Game of Thrones Discussion – Season 4, Episode 9: What’s Love Got to Do with It?

foursome

 

We knew they would pull out all the stops — and they did. But at the heart of this epic battle episode was the conflict of love versus duty. One relationship comes to an end, and another is truly born.

Find a space amid the piles of lifeless corpses, pull up a chair, and enjoy a discussion of “Watchers on the Wall” with three fans with very different perspectives: Laura Fletcher, a casual fan of the television and book series; Corrin Bennett-Kill, a hardcore fan of the book and TV series (she has read all the books four times!); and Cheryl Collins, a TV show watcher who has never read the book series.

Please join the discussion in comments!

Laura Fletcher
Sometimes we start by discussing the title. Welp, you can’t get much more literal than “The Watchers on the Wall,” eh?

Cheryl Collins
The title reminds us of their vows, which they had to keep reminding themselves and each other of. I thought this was a tense and effective episode.

Corrin Bennett-Kill
Indeed, Laura. We got a whole lotta Wall this episode. I, for one, was ready for it. I was beginning to tire of the Paul Revere-esque “The wildlings are coming! The wildlings are coming!” that had been happening most of the season.

Laura
It really is Revere-esque, down to the horn-blowing code.

Corrin
Two if by land, three if by Mammoth!

Laura
And Cheryl, I suppose we should give a bit more credit to the title’s specific mention of the vows.

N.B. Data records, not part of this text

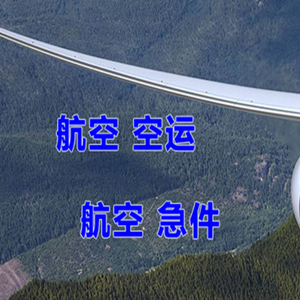 长沙航空快递快递-选东方航空和上海航空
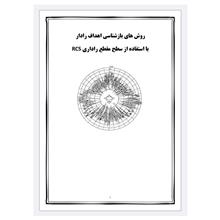 روش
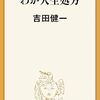 わが人生処方／吉田健一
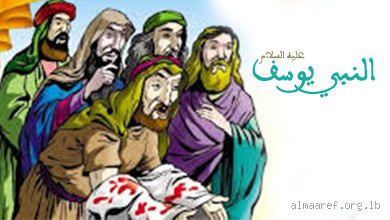 كيف كان وجه النبي يوسف؟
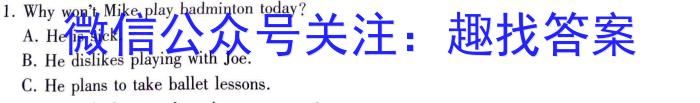 山东名校考试联盟高三年级下学期开学联考(2024.2)英语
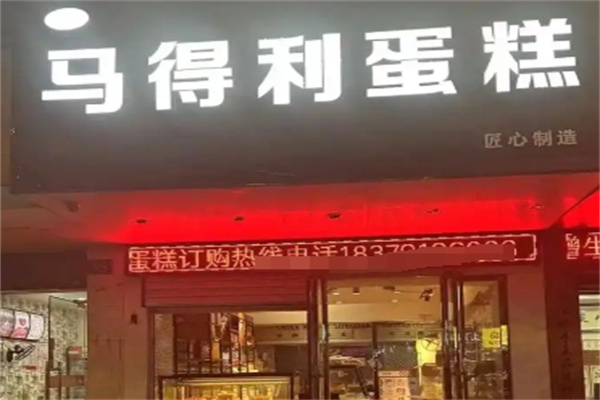 马得利蛋糕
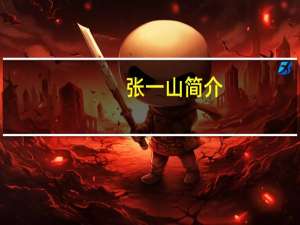 张一山简介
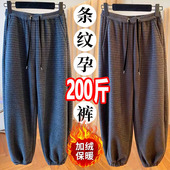 宽松休闲束脚萝卜裤 大码 条纹加绒加厚卫裤 子2025冬季 200斤 孕妇裤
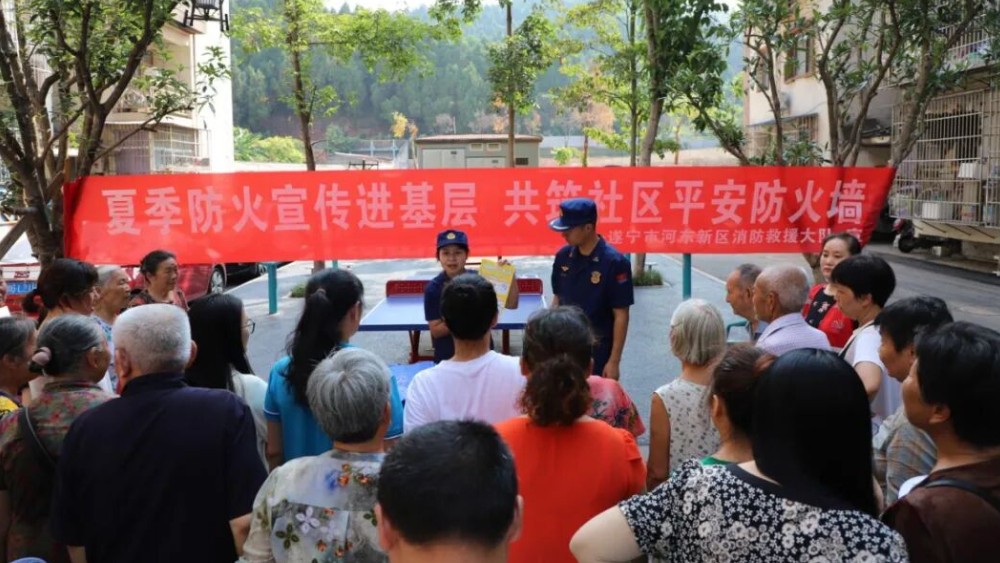 遂宁市河东新区夏季防火宣传进基层 共筑社区平安防火墙
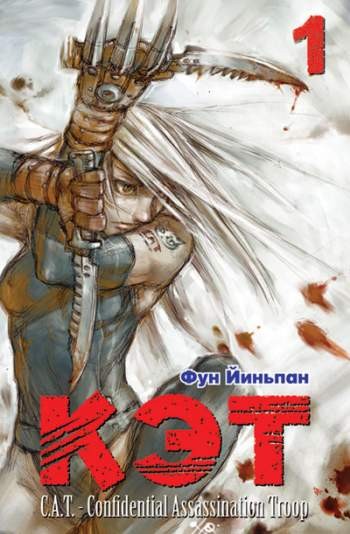 C.A.T. - Confidential Assassination Troop. Том 1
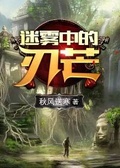 迷雾惊魂英文版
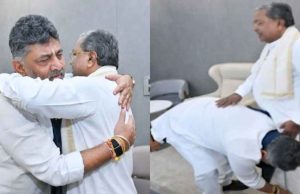 বিদায়ী বৈঠকে আবেগঘন মুহূর্তে ধরা দিলেন সিদ্দারামাইয়া ও ডিকে শিবকুমার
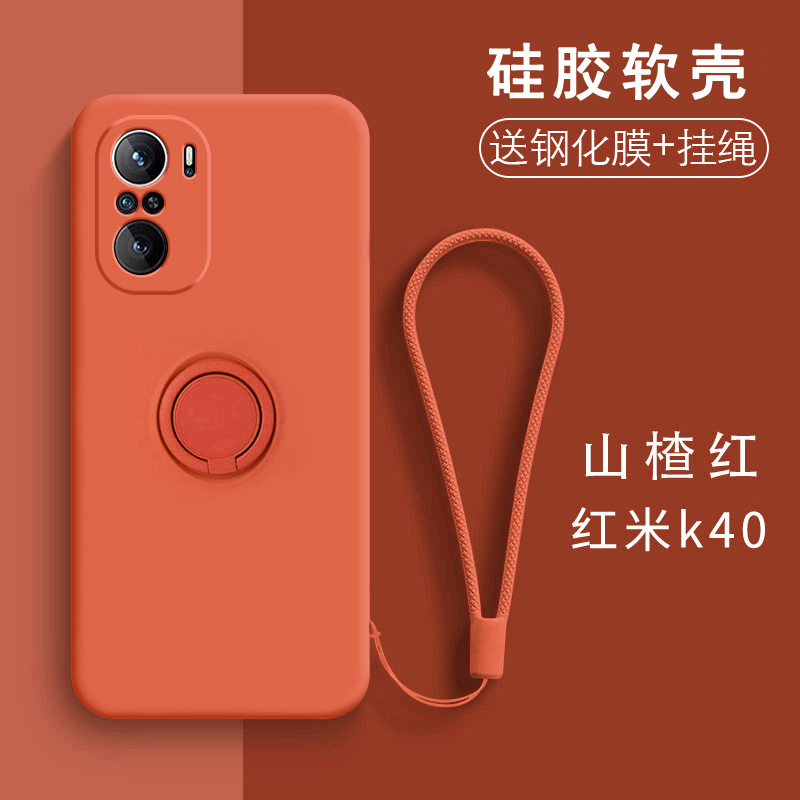 适用红米k40pro手机壳redmik40pro保护套k4opor防摔k40pr0镜头全包k40p0r硅胶软壳小米M2012K11C潮男女带支架 - 图3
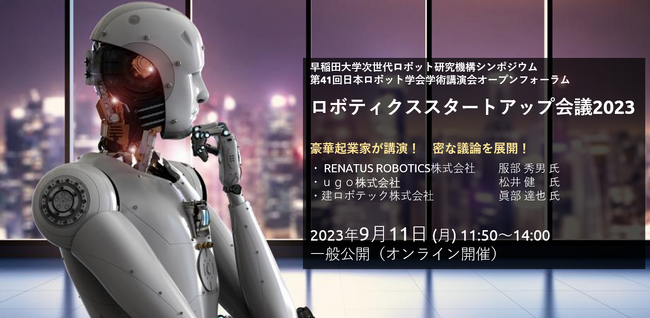 「ロボティクススタートアップ会議2023」開催（9月11日）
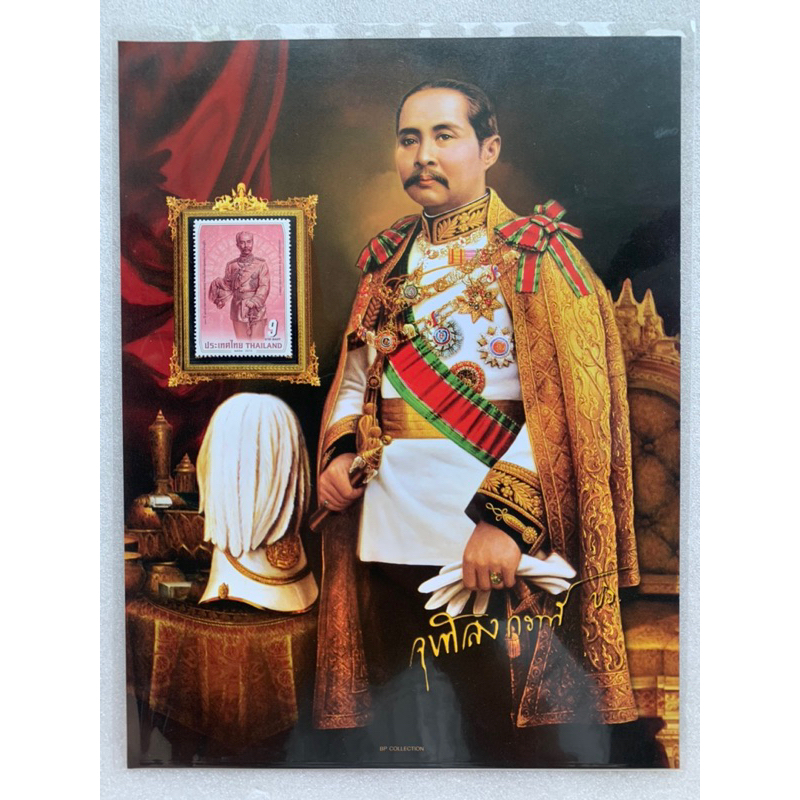 แสตมป์ที่ระลึกชุดครบรอบ100ปีวันสวรรคตพระบาทสมเด็จพระจุลจอมเกล้าเจ้าอยู่หัว-ปี2553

Goodness knows masculinity was front and center this episode.

Corrin
I think vows and the role they played in this episode are central.

Cheryl
By the way, was anyone else reminded of Lord of the Rings with the mammoths, giants, and encroaching army?

Laura
Almost a little bit “The Two Towers.”

Cheryl
Maybe we should go back to the beginning, when Jon and Sam are atop the Wall and speaking of love.

Corrin
It does begin with an attempt to describe what the breaking of those vows means by Jon, and Sam’s very scholarly position on what the vows specifically prohibit. But the entirety of the episode was fraught with the consequences of broken vows: Ygritte’s anger and betrayal, the information Jon was able to provide about the upcoming attacks as a wildling turncoat, Sam’s willingness to put Gilly conditionally above his vows, and even the power of vows to stiffen the spine in the face of a terrible duty.

Cheryl
Jon tried to explain what love feels like, and he describes it by saying that for a while, you feel that there is more than just you as a single person. So the tension then becomes, what is greater: your duty to that love, or your love and duty to the larger community?

Corrin
Well, Cheryl, as Maester Aemon said in his delightful cameo, “Love is the death of duty.”

Aemon and Sam

 

Cheryl
Sam and Jon are able to put duty above love (and fear).

Laura
I was also thinking of the interesting turn we get in Ser Alliser Thorne, who suddenly becomes almost likeable (almost) by focusing on his duty and — temporarily, he points out — putting aside grudges.

Corrin
(As likeable as anyone who calls everyone a “twat” can be.) And giving Jon a valuable lesson in leadership.

Cheryl
Thorne was fascinating to me, that he could admit he was wrong to Jon, really inspire his men in battle, and lunge bravely in the front of the swordplay.

Laura
Good thing since Thorne is one of the only other competent swordfighters at the Wall.

Cheryl
And even as he was dragged away, he screams, “Protect the fucking gate!”

Laura
Also, props to Grenn for tricking cowardly, useless Janos Slynt into abandoning his post atop the Wall. Thank goodness Jon caught on to what Grenn was trying to do!

Corrin
It’s always a happy moment when a sneaky, conniving coward shows his true colors.

Cheryl
And alas, poor Pyp. He was unabashed in his fear, but he tried. I was reminded that he was one of Jon’s friends who did not volunteer for the sortie at Craster’s — he knew who he was.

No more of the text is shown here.